Project Budget for a typical residence. Hard costs are those directly accruing to the construction and include materials, labor, overhead and profit. Soft costs are typically defined as professional fees (in this pie chart shown as “survey” and “project management”) plus regulatory fees (shown as “permits and fees).
A project budget is made up of two parts, namely so-called “hard costs” and “soft costs” The hard cost is that related to the actual physical construction, the cost building construction itself. This fraction of the project budget is also called the construction budget.
Overall, your hard costs will include all the tangible, physical parts including not only the building itself but also those parts related to it including the building’s infrastructure plus site improvements including landscaping. By way of example, a kitchen remodel hard costs might include walls, floor, ceiling, windows, electrical, mechanical and plumbing improvements.
Hard costs for a detached A.D.U. (accessory dwelling unit) might include all those costs, plus costs for the building’s shell, plus any new infrastructure e.g. water, sewer, gas and electrical needing to be brought to the building, plus ancillary exterior improvements. Does the project require a new driveway? On a sloping site, are retaining walls necessary? How important are trees and plantings? Identifying which of these apply and their costs are essentials in preparing the hard cost portion of your project budget.
Projected cost estimates for residential project on the boards in Santa Cruz, CA. “Soft” costs are anticipated to be responsible for 19% of the overall project budget.
“Soft costs” are all the costs outside of hard costs accruing to your project. These can be thought of as the intangible but largely unavoidable expenses necessary to achieving your project. These include loan fees (if financed), fees for regulatory permits, entitlements, the cost of hiring professionals, and the like. Soft costs are most commonly subdivided into two parts, “regulatory fees” and “professional services”.

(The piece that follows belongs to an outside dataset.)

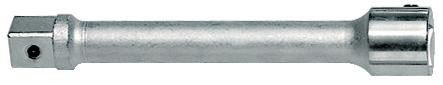 Verlängerung Chrom-Vanadium 200 mm 3/4" GEDORE 3290-8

Regulatory fees are highly variable. In investigating these, the first question to ask is whether your project will trigger discretionary review. From a regulatory standpoint, every project sorts into one of two categories. Discretionary review (as the name implies) entails asking permission from the regulatory agency to build your project. Ministerial review is non-descretionary, and must be granted as-of-right. If the project entails discretionary review, it’s trajectory will entail same followed by ministerial review. If the project entails only ministerial review, the permit track will obviously be more direct and more affordable.

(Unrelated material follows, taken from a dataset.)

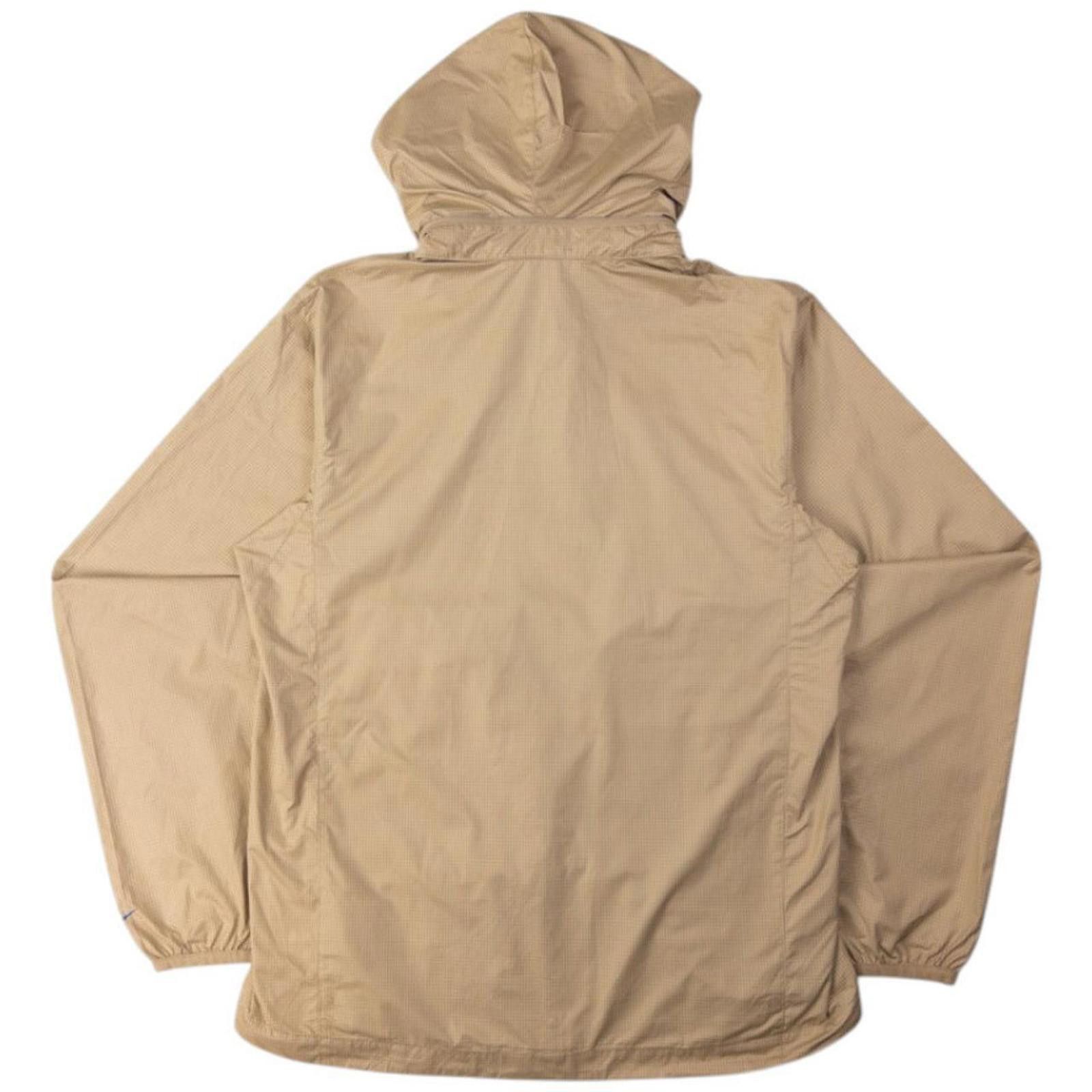 Nike Vintage Nike ACG Lightweight Zip Up Packable Jacket Size M Size US M / EU 48-50 / 2 - 4 Thumbnail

Most residential projects require only a building permit (ministerial review), without the need for discretionary review. Discretionary permits involve a much more intensive degree of involvement by the regulatory agency, in turn involving much higher involvement by the owner and that of any professionals engaged by the project. Discretionary permitting, since it entails a higher degree of scrutiny by the regulatory agency, quite often results in a larger burden upon the owner to furnish documentation deemed necessary by the regulatory agency, thus resulting in increased costs. Since it entails higher fees, it’s not unusual for homeowners to place priority on approaches avoiding this expense.